È un vangelo a metà quello che stiamo ascoltando. Somiglia al nostro partecipare alle liturgie: a metà. Non ci lasciamo trasformare. Durante la liturgia il nostro cuore è altrove e facilmente attaccato al cellulare, ad altre situazioni e non a Dio.
Anche per i discepoli di Emmaus è la stessa cosa. Il Messia che avevano accolto e osannato la settimana prima, non è quello annunciato dai profeti ma dalla tradizione popolare e quindi il messaggio della Risurrezione sembra un teorema.

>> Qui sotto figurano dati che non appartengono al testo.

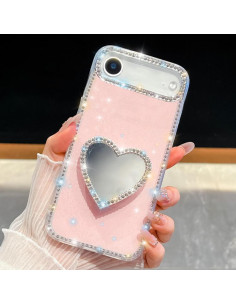 Cover iPhone Air Cuore Glitterato Specchio Rosa Light Rosa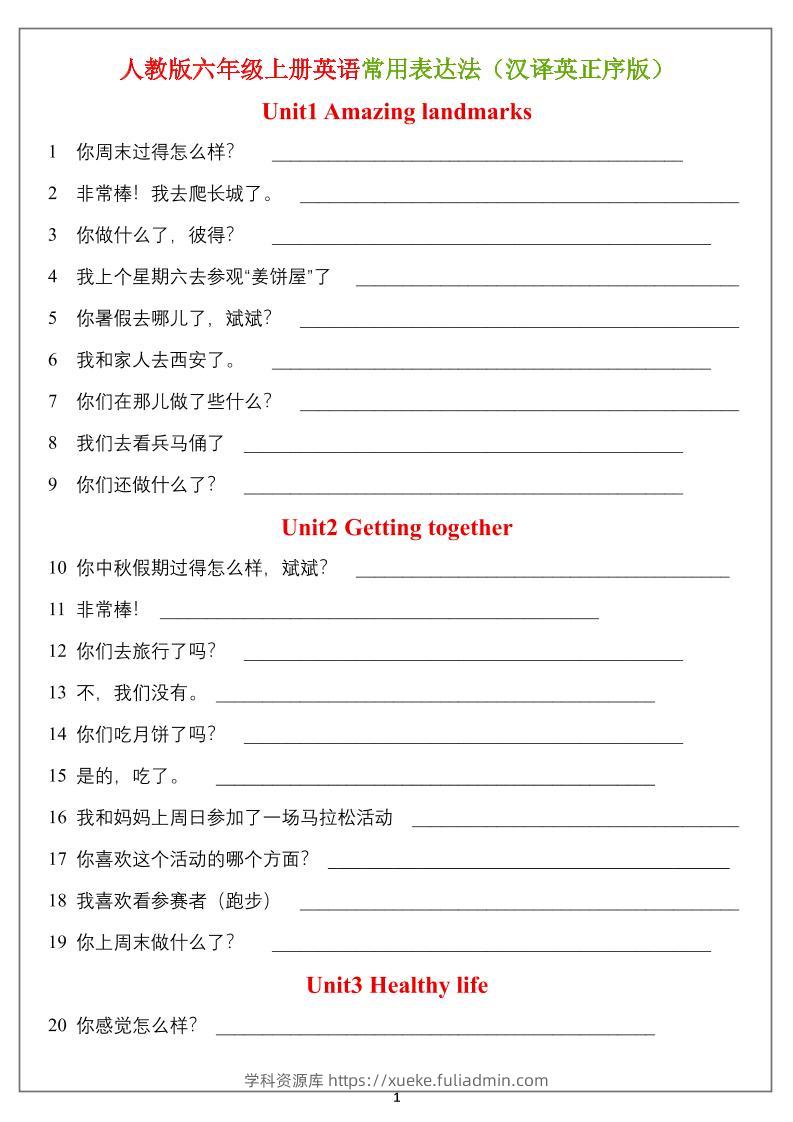六年级上册英语常用表达法（汉译英）正序版＋乱序版-学科资源库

Ecco che nasce una nuova Liturgia, un nuovo incontro. Il Risorto è il nuovo incontro, colui che si fa compagno, che guarisce il cuore se veramente lo desideriamo, fa la sua lectio divina e guarisce la nostra situazione di morte. Senza la sua Parola noi siamo ciechi e incapaci di riconoscerlo. 
Gesù riporta al cuore due parole importanti: croce e gloria. Noi come quei due discepoli o come i figli di Zebedeo cerchiamo solo la gloria. Facciamo fatica, almeno su di noi, ad accogliere la croce dimenticando che è dal dolore che nasce la gioia! È dalla Croce che si arriva alla Risurrezione.
A queste due parole, Gesù compie un gesto che «apre gli occhi»: la frazione del pane, un gesto che ricorda il Gesù terreno nel momento della Cena in cui fu tradito egli spezza il pane e lo distribuisce. È un gesto che arriva ai nostri giorni, che svela l'identità permanente del Signore Risorto in mezzo a noi e che passa come Salvezza nella concreta quotidianità. 
A ciascuno lasciarsi guarire da questa forza d'amore per scoprire il suo orizzonte infinito.